Macadamia nut production also has increased in recent years, as more pineapple fields become available, said Dana Gray, chairman of Oils of Aloha, which processes macadamia nut oil.

"There's an impression that after sugar and pineapple went, agriculture was dead, and we would just turn the islands over to tourism. That's not the case," Gray said. "Agriculture is important. Hawaii should be green and not covered by houses."

At Dean Okimoto's herb and salad greens farm in Waimanalo on southeastern Oahu, the narrow green rows of inches-high arugula, basil and chili peppers add to dishes at 120 restaurants.

"Farmers are having to change to meet market demands," said Okimoto, president of the Hawaii Farm Bureau Federation.

In many ways, the loss of pineapples is a natural response to globalization trends, said Sandra Kunimoto, Board of Agriculture chairwoman. Poorer countries have lower labor and land costs, and it's more efficient for them to grow common fruits in bulk, she said.

With global competition, American farmers face the need to diversify, Kunimoto said.

"It's opened up everybody's eyes to what is possible," she said.

Pineapples will always be grown in Hawaii but in decreasing numbers, farmers say.
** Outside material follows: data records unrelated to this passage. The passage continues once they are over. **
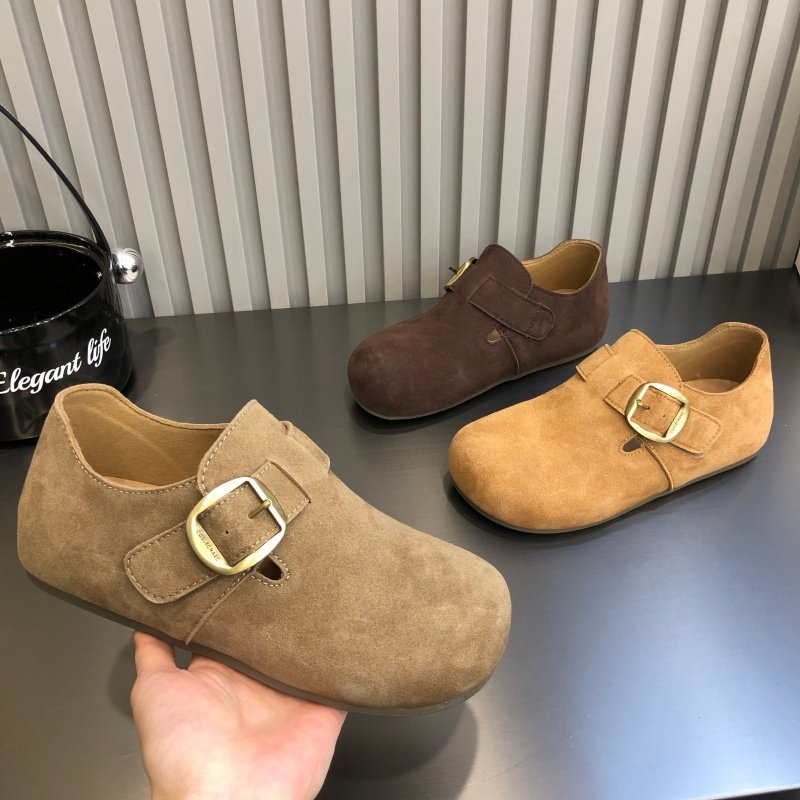 超火真皮勃肯鞋女2026春季新款法式复古魔术贴搭扣圆头懒人休闲鞋,女鞋,勃肯鞋/软木鞋,淘宝优惠券,粉丝福利购,淘宝优惠卷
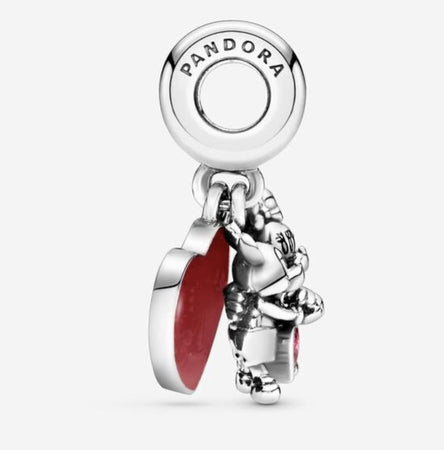 Pandora Disney, Charm pendente Amore con Mickey Mouse e Minnie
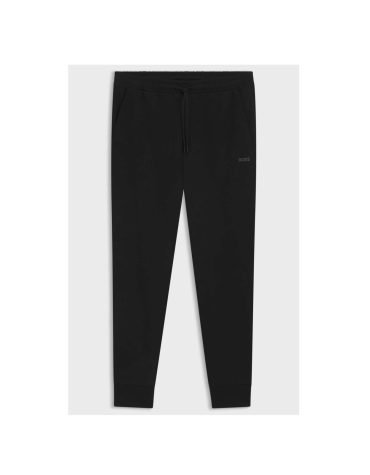 Original Hugo BOSS -Stretch-cotton tracksuit bottoms with logo print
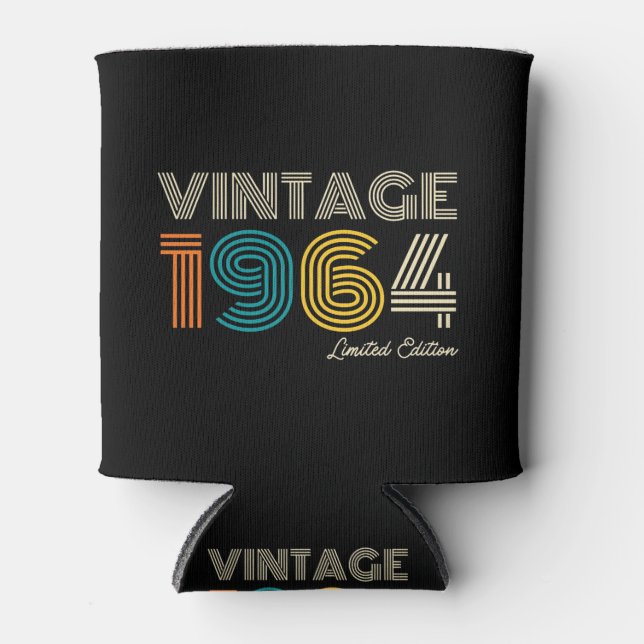 Vintage 1964 Limited Edition 60th Birthday  Can Cooler (Front)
The demand for new, exotic varieties will determine how popular they are.

The Dole plantation in Wahiawa in central Oahu is still a major tourist attraction, but it now reaches beyond pineapple, with a new garden that features a wide variety of tropical agriculture, a maze and a train ride. A popular refreshment for locals and tourists is still its ultimate pineapple float: pineapple ice cream floating in Hawaiian pineapple juice.

Another Hawaii pineapple brand, Maui Gold, emphasizes its sweet, juicy flavor and its local origins to attract new customers, said Brian Nishida, president of Maui Pineapple Co.

"Imagine being a tourist and coming to Hawaii and not having pineapple," Nishida said. "We are very much niche players.... We believe that gives us an advantage over the mass marketers."